Man on left: I look down on him because I am upper-class.
Middle man: I look up to him because he is upper-class; but I look down on him because he is lower-class. I am middle-class.
Man on right: I know my place. I look up to them both.
Growing up in NZ and spending much of my adult life in Australia I've often heard that it's different here. We don't have a class system. I used to believe this. I don't now. I mean, the beauty of Australia is that you can get a job as a janitor and make $130 000 per year working in one of the many remote mining or oil and gas work sites. Conversely, there are managers in the big cities on less than $100k per year.
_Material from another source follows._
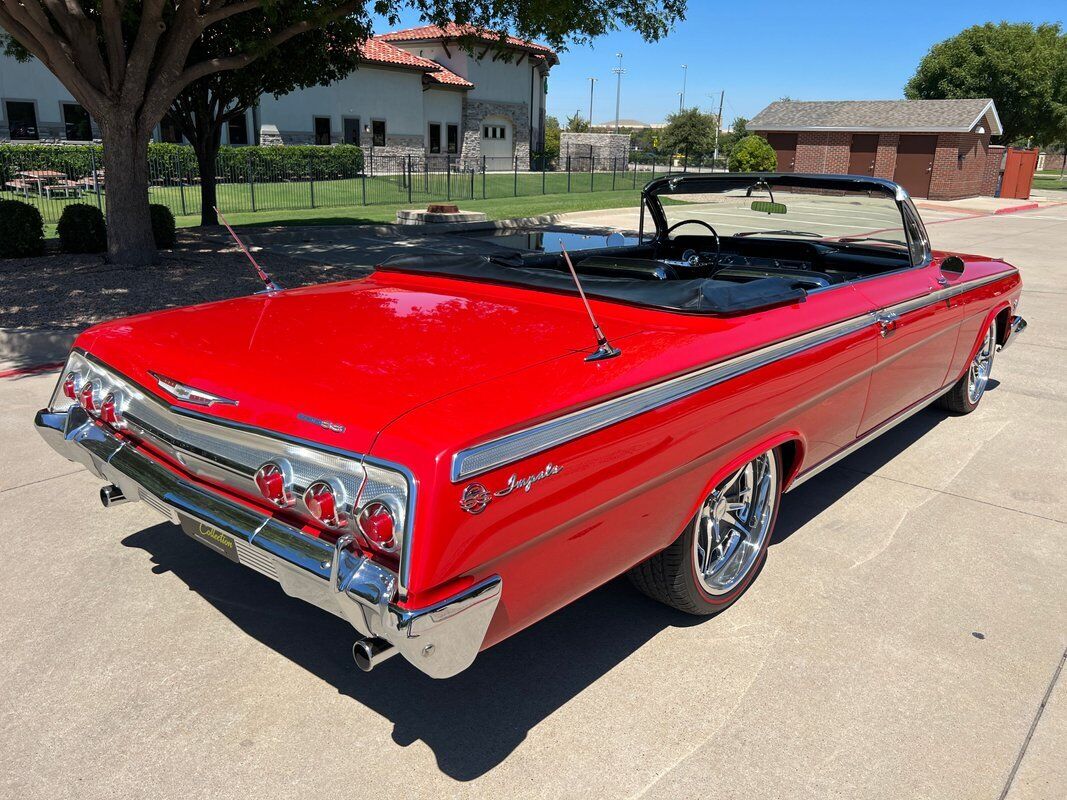 Chevrolet-Impala-Coupe-1962-19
Status in this instance is a little muddled.
Technology has also added a grenade to the mix. A twenty year old woman can sign up to Onlyfans and take her clothes off, gain a million drooling, simping men as paying subscribers and become an empowered influencer with lots of fame and money. She may even be asked her opinion on topical news stories. Her status initially a lower class nobody, now a somebody. The woman in question is sexy (and willing to degrade or empower herself depending on which angle you are looking at it from) and hence worthy of high status.
I think the class system has never really gone away. Go to university or college and get a good job is advice that also means: get some of that sweet high status too. I hear it in conversation. “The guy is an alcoholic and overweight, but he's got a good job.” “He's boring, but rich.” “She's crazy, but her husband is a finance guy.” Character flaws often overlooked if somebody is a somebody.
I find that where status becomes irrelevant is when you catch up with genuine old friendships. I have friends who are doctors, teachers, carpenters, boilermakers and truck drivers. We like and respect each other, so status doesn't matter.
As much as I can say status doesn't matter at all to me, I'd be disingenuous somewhat. It does to a degree. Working in a restaurant in a lower position, I saw how some workers treated people in higher positions. Young girls fluttering their eyelids to managers - men of status. I have membership of frequent flyer programs where I'm aiming to get to the next level and unlock extra benefits and entitlements. The system may not be fair, but it's here and to operate in the world you will be judged by the masses on your position on the layer cake, which leads me to a neat quote from English gangster movie, Layer Cake…
“You're born, you take shit. You get out in the world, you take more shit. You climb a little higher, you take less shit. Till one day you're up in the rarefied atmosphere and you've forgotten what shit even looks like.”
You can opt out and live in the bush no doubt. You can move to a commune where everyone is supposedly equal. Otherwise, to be part of the world is to be part of the status game.
Do you want to be a player with a 95% status rating or a 5% one? We are born with a certain level of status. Where we end up depends on how well we play the game. The choice to play is yours.